━━━━━ STUDY MATERIAL

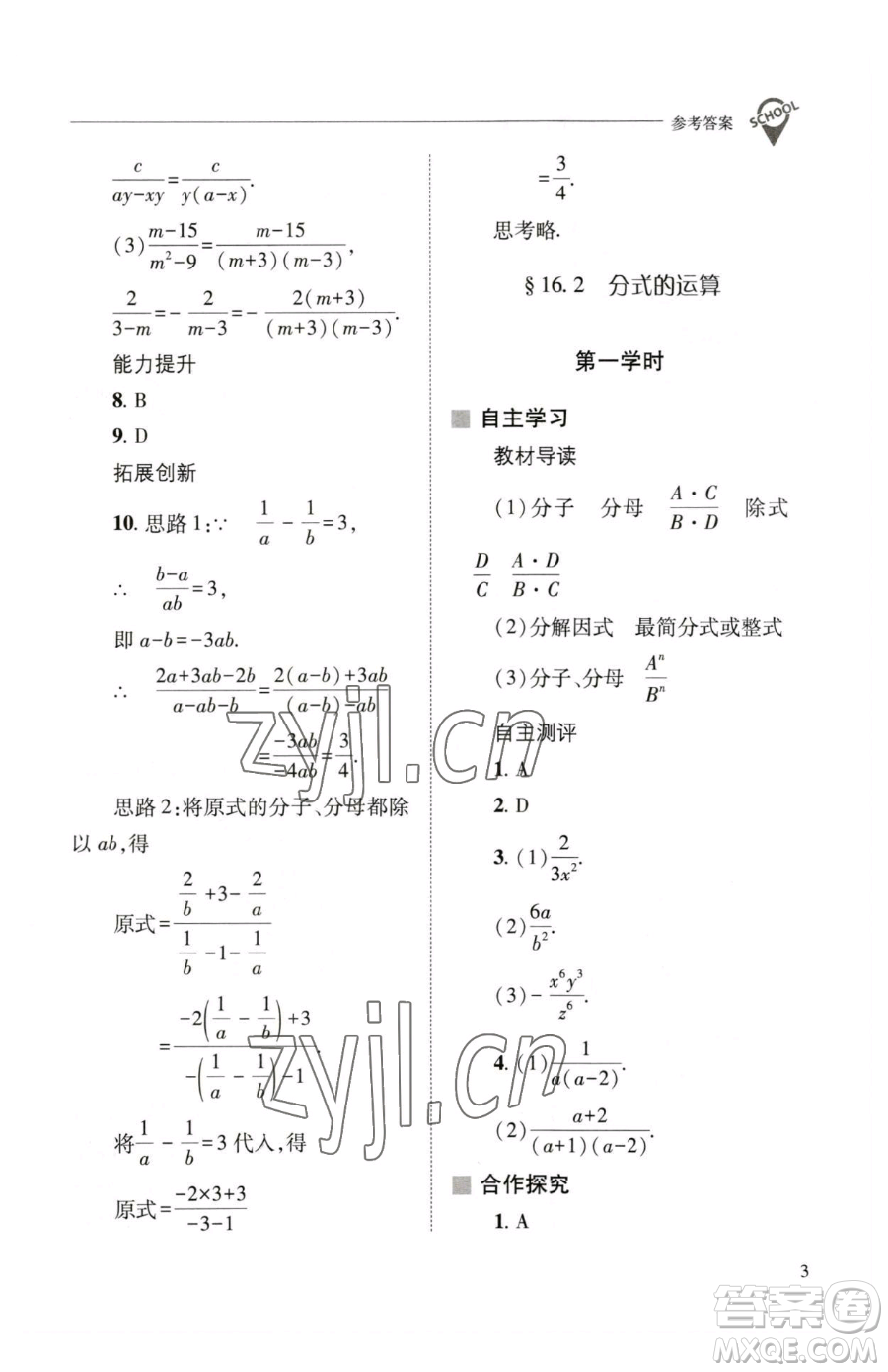 山西教育出版社2023新課程問題解決導學方案八年級下冊數(shù)學華東師大版參考答案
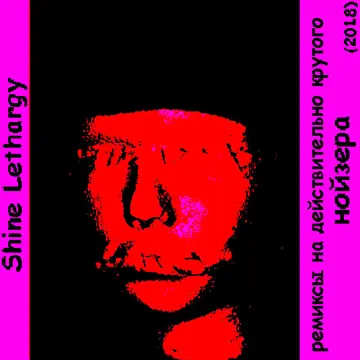 Shine Lethargy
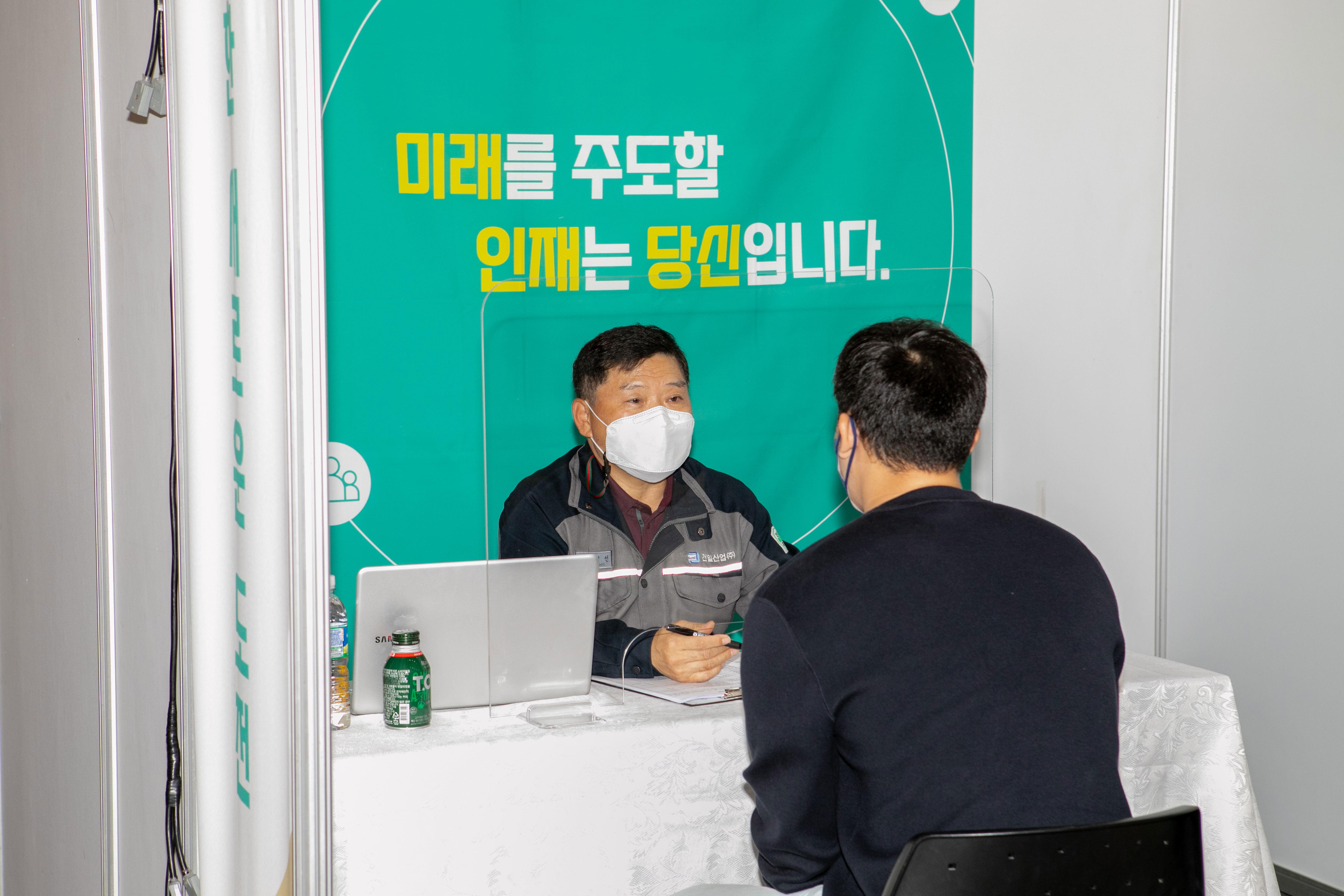당진시, 코로나19에도 취업 시장 이상 無!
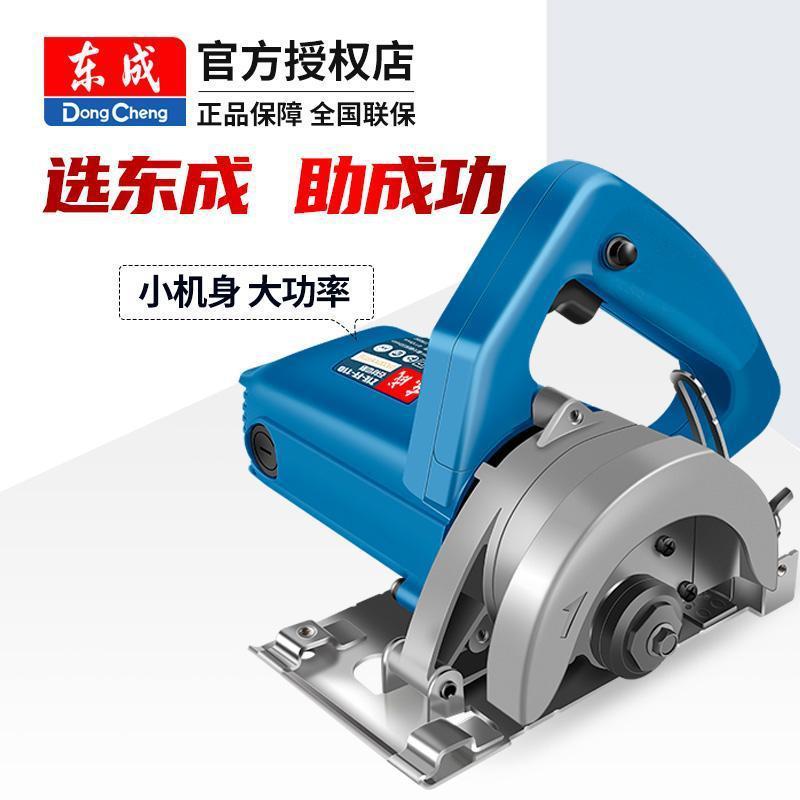 石材切割机手提小型便携式瓷砖切割机开槽大功率工业级云石机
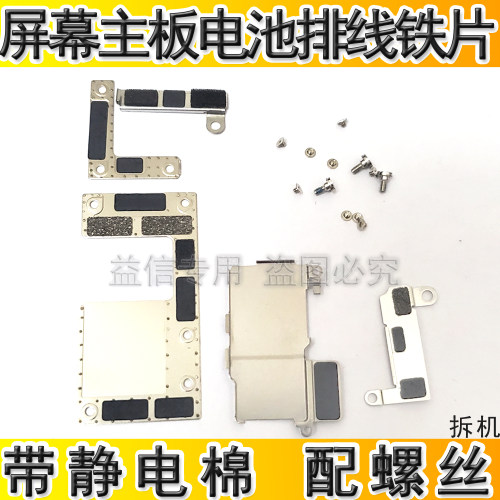 11屏幕主板电池排线铁片挡板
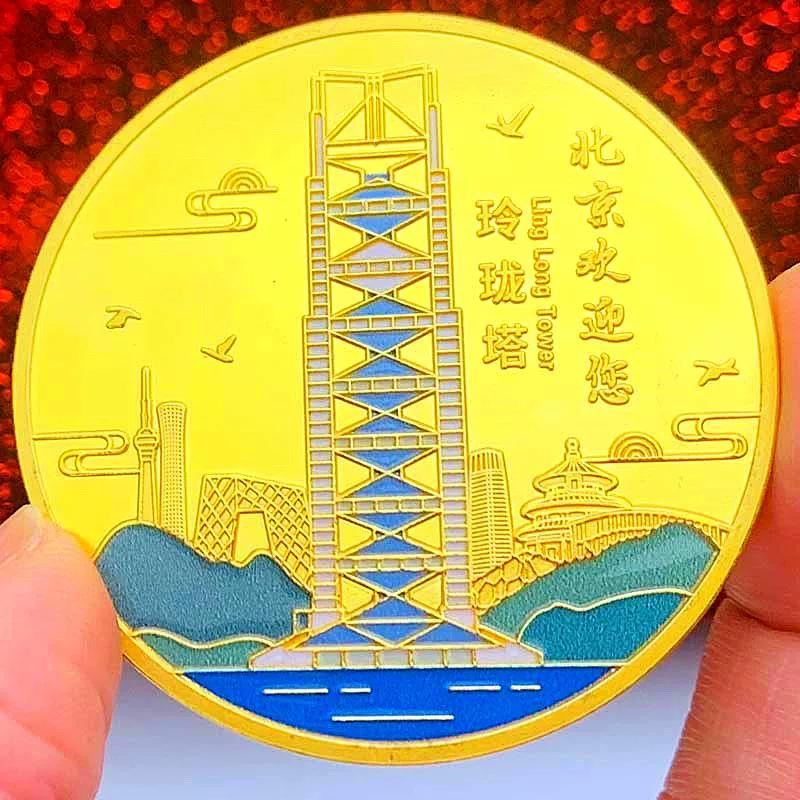 Beijing Water Cube Tourist Scenic Area Bird's Nest Gold Plated Commemorative Medal Creative Gift Linglong Tower Gold Coin 45mm Coin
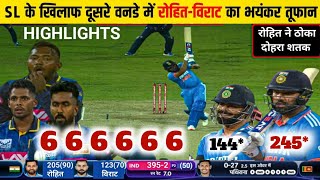 India vs Sri Lanka 2nd ODI Match Full Highlights  IND vs SL 2nd odi match 2024 HIGHLIGHT [upl. by Kippy]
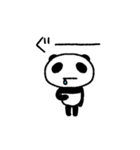 ぱんだにあ2 ぱんだにあのゆるい生活（個別スタンプ：10）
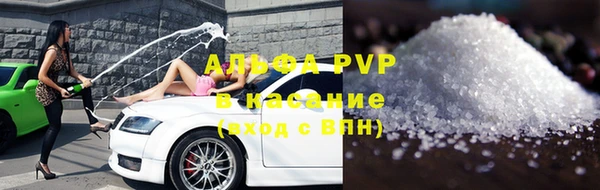 гидра Белоозёрский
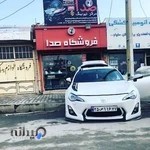 فروشگاه و مرکز تیونینگ صدا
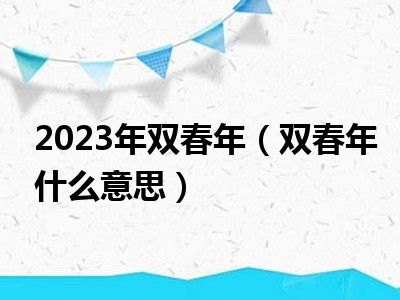 2023年双春年（双春年什么意思）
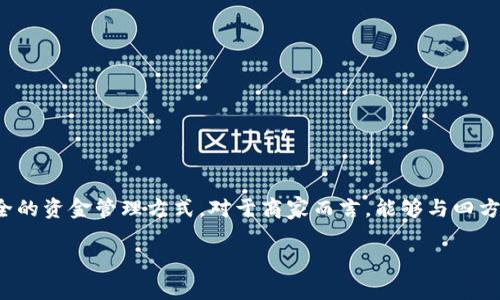 四方精创数字钱包作为一种新兴的支付方式，越来越受到大众的关注和喜爱。它不仅提升了支付的便捷性，还为用户提供了更安全的资金管理方式。对于商家而言，能够与四方精创合作，意味着进入了一个新的数字经济时代。那么，四方精创的合作方有哪些？它们有哪些优势？它们是如何改变支付生态的？

四方精创数字钱包的合作方有哪些？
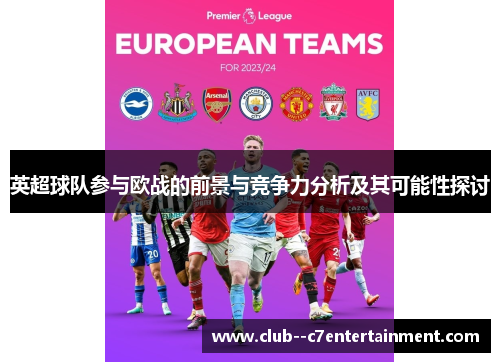 英超球队参与欧战的前景与竞争力分析及其可能性探讨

━━━━━━━━━━

**PROBLEM DESCRIPTION**
Which lines run from the one that holds "11屏幕主板电池排线铁片挡板" to the final line of the records above? Return them exactly, and skip the pictures.

**TASK ANSWER**
 11屏幕主板电池排线铁片挡板
 Beijing Water Cube Tourist Scenic Area Bird's Nest Gold Plated Commemorative Medal Creative Gift Linglong Tower Gold Coin 45mm Coin
 India vs Sri Lanka 2nd ODI Match Full Highlights  IND vs SL 2nd odi match 2024 HIGHLIGHT [upl. by Kippy]
 ぱんだにあ2 ぱんだにあのゆるい生活（個別スタンプ：10）
 гидра Белоозёрский
 فروشگاه و مرکز تیونینگ صدا
 2023年双春年（双春年什么意思）
 四方精创数字钱包作为一种新兴的支付方式，越来越受到大众的关注和喜爱。它不仅提升了支付的便捷性，还为用户提供了更安全的资金管理方式。对于商家而言，能够与四方精创合作，意味着进入了一个新的数字经济时代。那么，四方精创的合作方有哪些？它们有哪些优势？它们是如何改变支付生态的？

四方精创数字钱包的合作方有哪些？
 英超球队参与欧战的前景与竞争力分析及其可能性探讨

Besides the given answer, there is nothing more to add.